Although it is often tempting to say that the purpose of a job, or a project, or an article, or anything else is to achieve certain objectives (that is, outcomes), it is very helpful to recognise that defining the purpose more intelligently and more realistically is much more useful.
For example, a business owner can say that the purpose of his business is to make money. That’s fine: he can have whatever purpose he likes. But is it a useful purpose? Surely the money is really an outcome of achieving the purpose—which is something completely different. And, in any case, doesn’t the business owner really mean that the purpose of the business is for him to make money? Not the same thing at all.
And you achieve the purpose by performing actions.
A good reason for thinking in this way is that other people do. Whether they do so consciously or unconsciously is not really important.
Take call centres
Customer-facing businesses often set up call centres for their customers to call when they have problems. If you contact such a centre with a problem, the problem might be fixed. That does not mean that the business’s purpose in running the centre is to help people. If people are helped, that is a fortuitous byproduct.
I suggest that most companies’ purpose in running call centres is to ensure the managers are kept away from the riff raff, like you and me, who have problems with the service or product they have bought from the company.

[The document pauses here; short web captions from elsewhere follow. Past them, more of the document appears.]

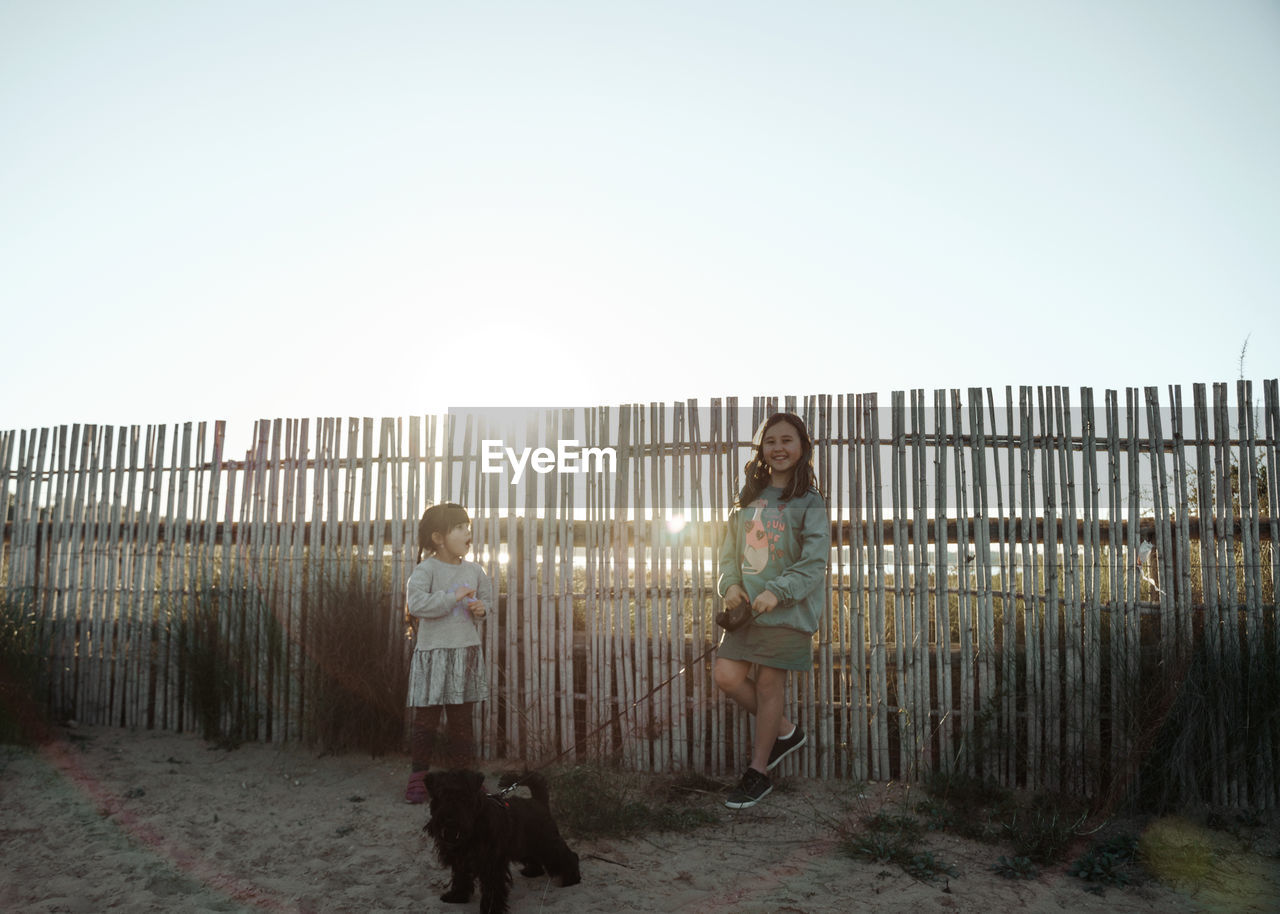 Rear view of two girl standing by fence with dog against clear sky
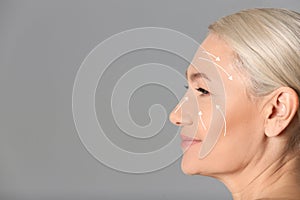 Beautiful mature woman after facelift cosmetic surgery procedure on grey background. Space for text photo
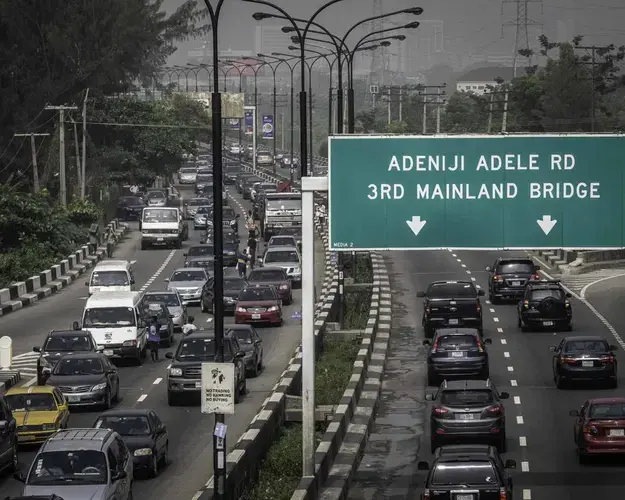 The roads are jammed daily with decrepit vehicles filling the air with auto exhaust fumes. Diesel-guzzling generators power everything from shop freezers to internet transmitter substations. Image by Larry C. Price. Nigeria, 2018.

This has so clearly been demonstrated to me, time and time again, by call centres that any other explanation for the way that I have been treated would defy credulity. In the past year and more those of Vodafone and Carphone Warehouse, as was, would deserve gold stars for the contempt with which they have routinely and repeatedly treated me.
When the problems one has with a product one has bought—say a mobile phone—are compounded by problems dealing with the people supposedly there to fix one’s problems and, in turn, are compounded by problems trying to get redress—or any action—for the problems caused by the company’s failure to provide a means of dealing with problems caused by the call handler’s reluctance (or inability) to deal with the original problems with the phone, one ends up in a nightmarish spiral, presumably exactly where Vodafone, or whichever the company is, wants one to be.

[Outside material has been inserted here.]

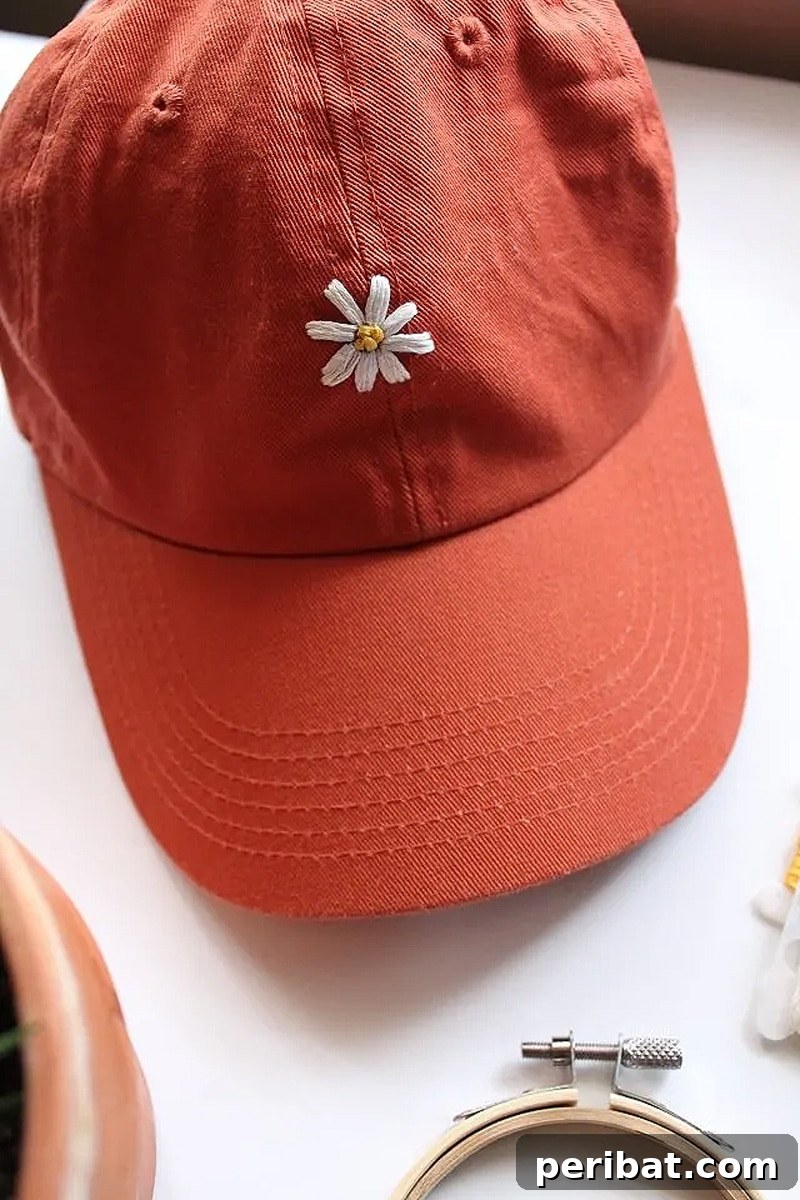 Creative DIY Floral Embroidery Ideas and Projects 40 Vibrant hand-embroidered orange hat with delicate floral stitching, showcasing a custom and unique accessory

If you don’t believe this then, the next time you have a problem dealing with a call centre about a problem with your mobile phone, or your utilities, your taxes or anything else, try asking to speak to the line manager on duty. You will never, ever be connected.
The line manager is in a meeting—apparently chatting to his colleagues is more important than dealing with a customer who has been let done by the company the manager works for.

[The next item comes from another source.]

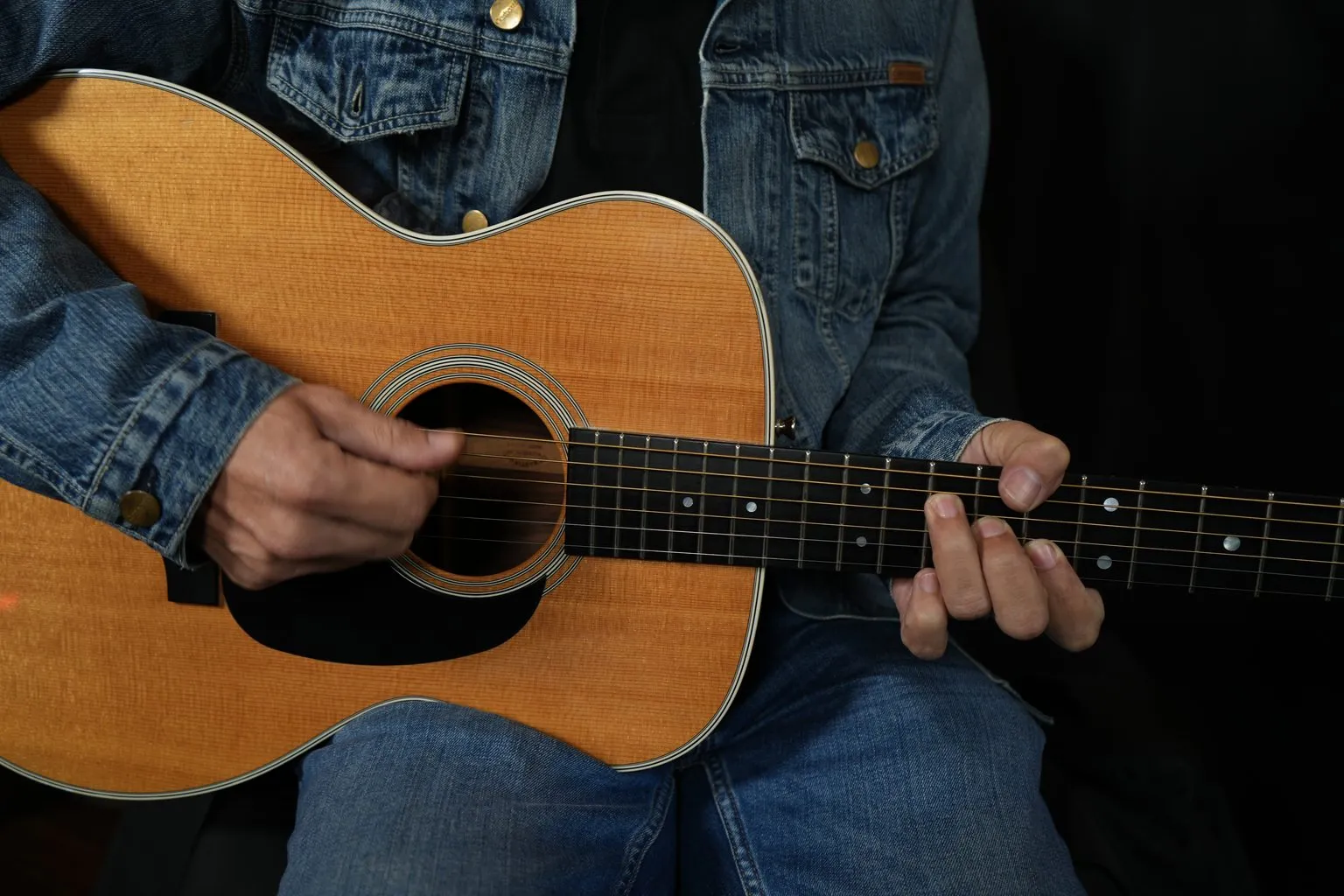 Trois adultes souriants jouant de la guitare ensemble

Or the line manager is out of the office, or he/she is dealing with another customer (somewhat implausible). Sometimes you are led to believe that the person you are talking to is the most senior person in the building/the company at work at that moment.
Sometimes, the call handler says a sentence like “the manager will call you back within 48 hours”. This does not, of course, mean that the manager will call you back within 48 hours.
In the case of Vodafone (a telephone manufacturer), someone in the marketing team tells me their telephone system renders them physically incapable of putting me through to a technical person about the technical issues plaguing my phone. They can email that person and suggest that person contact me (which they don’t).
Even in the unlikely situation that the line manager is made aware that you have called, they clearly have no intention to do anything about your problem. The purpose of the call centre is simply to keep you away from the management because, if managers had to deal with all the problems created by their business, the cost would be prohibitive.
Instead, poorly paid individuals do the company’s dirty work. They are under-resourced, so they can’t actually do anything useful; they are under-informed, so the extent that they can engage you in a conversation is limited (and useless); and they are emasculated: they have little or no authority to do anything.
So it goes like this:
The purpose of the call centre is to keep riff raff (ie, the business’s customers) off the backs of the managers
The actions done to achieve this are to engage in largely fruitless and pointless conversations with members of the public until the members of the public give up in despair
The outcome is that the company maximises its profits.
This is in line with Joel Bakan’s observation, in The corporation, that
The corporation’s legally defined mandate is to pursue, relentlessly and without exception, its own self interest, regardless of the often harmful consequences it might cause to others… As a psychopathic creature, the corporation can neither recognize nor act upon moral reasons to refrain from harming others.